The song was inspired by children Jandali met in refugee camps.
Why the concert is happening
It all began when Gittleman approached his next-door neighbor, Jenna Greenberg, about expanding the DPO’s popular “Stained Glass” series to add other religions. Greenberg is conductor of the Dayton Jewish Chorale and the wife of Beth Abraham Synagogue’s rabbi, Joshua Ginsberg.
“I told him that our chorale was considering putting on an interfaith concert with Omega Baptist Church and Corinthian Missionary Baptist Church for Martin Luther King weekend,” Greenberg recalls. “We put our heads together and created this really amazing collaboration with several other choirs from local churches as well as the University of Dayton.”
In addition to the Jewish Chorale, Omega Baptist and Corinthian singers, St. Mary’s Catholic Church Choirs are also participating. Both the University of Dayton Ebony Heritage Singers and U.D.’s World Music Choir will perform. Gittleman says they’ve also been reaching out to other faiths and are still hoping others may decide to join the mass choir.
On the program
From the beginning, the idea was to celebrate religious, cultural, and musical traditions from a variety of religious denominations. “The groups all chose their own pieces and I chose the three mass choir numbers in collaboration with all the choir directors,” Gittleman explains.
Kathryn Maresca is director of music and organist at Dayton’s St. Mary Church, an English and Hispanic congregation with Masses in both languages. “At times we will have a bilingual Mass, which helps us come together as one congregation,” she explains. “With what is happening in the U.S. and around the world in places of worship, this concert could not happen at a more opportune time.”
The piece she’s selected for the English choir at St. Mary, along with choir members from Church of the Incarnation in Centerville, St. Paul in Yellow Springs, and Emmanuel in Dayton, is an “Ave Maria” by G. Caccini. “I wanted to choose an ‘Ave Maria’ because Mary, mother of Jesus, is a very integral part of the Catholic faith,” Maresca explains. “The Hispanic choir, directed by Luis Clemente, has chosen two pieces entitled ‘Tu estas aqui’ ( ‘I know, you are here’), and ‘Cuan grande es mi Dios’ (‘How great is our God’).”
Maresca says the “Unity in Harmony” concert will bring a message to the community that people can come together with different faiths, languages and culture. “They can learn from each other, accept each other, and sing together in perfect harmony,” she says. “Music is truly a universal language.”
Tommy McGuffey, minister of music and worship arts for Omega Baptist Church, says Gittleman requested that his 40-member choir sing one of McGuffey’s original compositions, “Sovereign’s Requiem.” “This concert is a great collaborative opportunity for individuals of various beliefs and denominations to come together and share one of the greatest gifts, which is music,” McGuffey says.

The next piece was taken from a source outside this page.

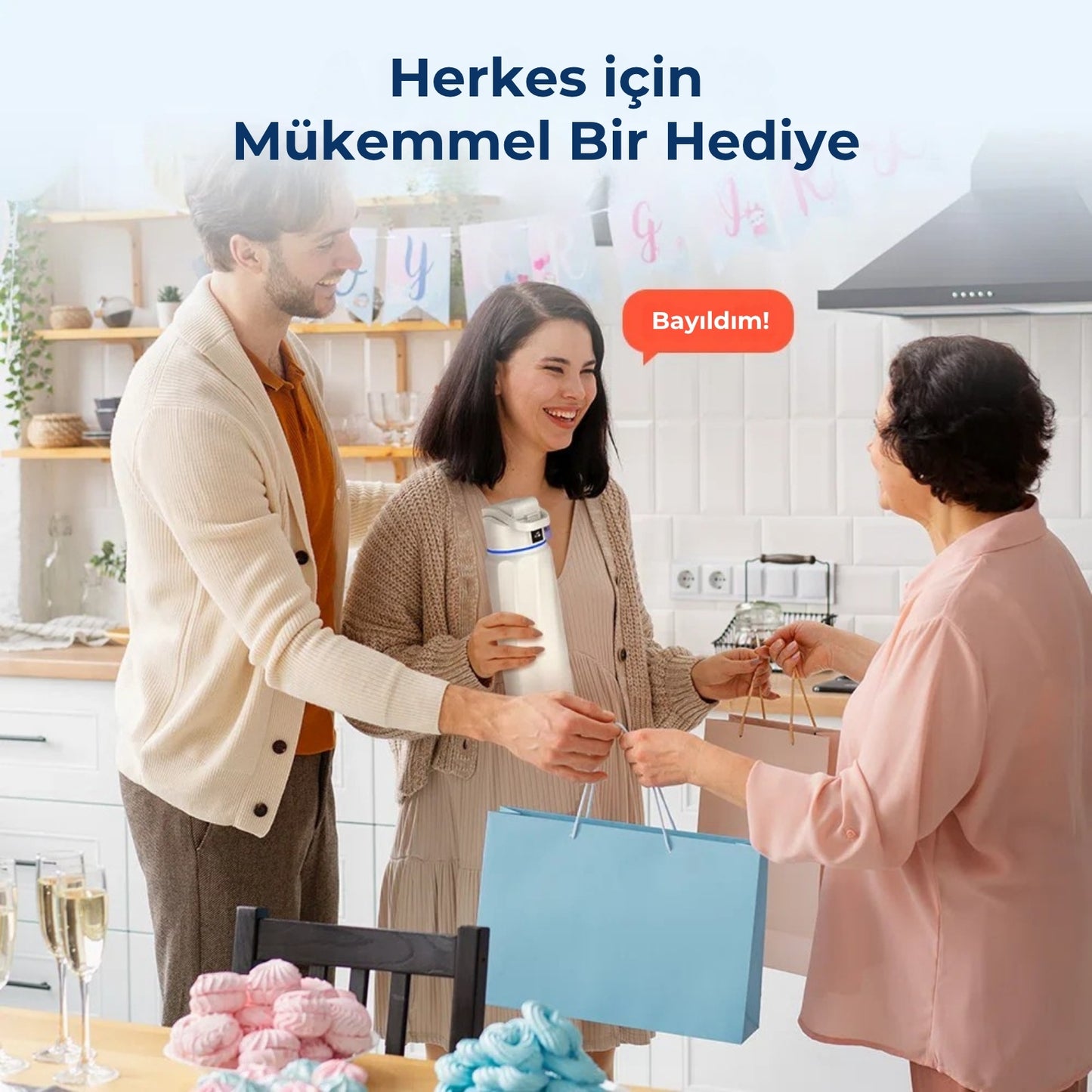 WaterH 32oz beyaz - WaterH akıllı termos herkes için mükemmel bir hediye - WaterH Akıllı Termos 946 ml beyaz renk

The three pieces everyone will perform together include “When All God’s Children Get Together,” a rousing gospel song by Keith Pringle; “One Voice,” an inspiring folksy song by Ruth Moody that’s been featured on an Air Force Band YouTube video and “Total Praise,” a famous gospel song by Richard Smallwood that will be performed with both English and Hebrew lyrics to underline its ecumenical origins.
Gittleman has also selected “Phoenix in Exile” by Malek Jandali. “Jandali is a Syrian emigre composer, and I wanted to include this beautiful short piece on the program both as a representative of orchestral music coming from the Arab world and also as a statement of solidarity with the people of Syria currently suffering through war and oppression,” he says. “This is the one secular work on the program, but I think it still fits, as Jandali uses the image of the phoenix rising from the ashes as a symbol of both spiritual and earthly renewal.”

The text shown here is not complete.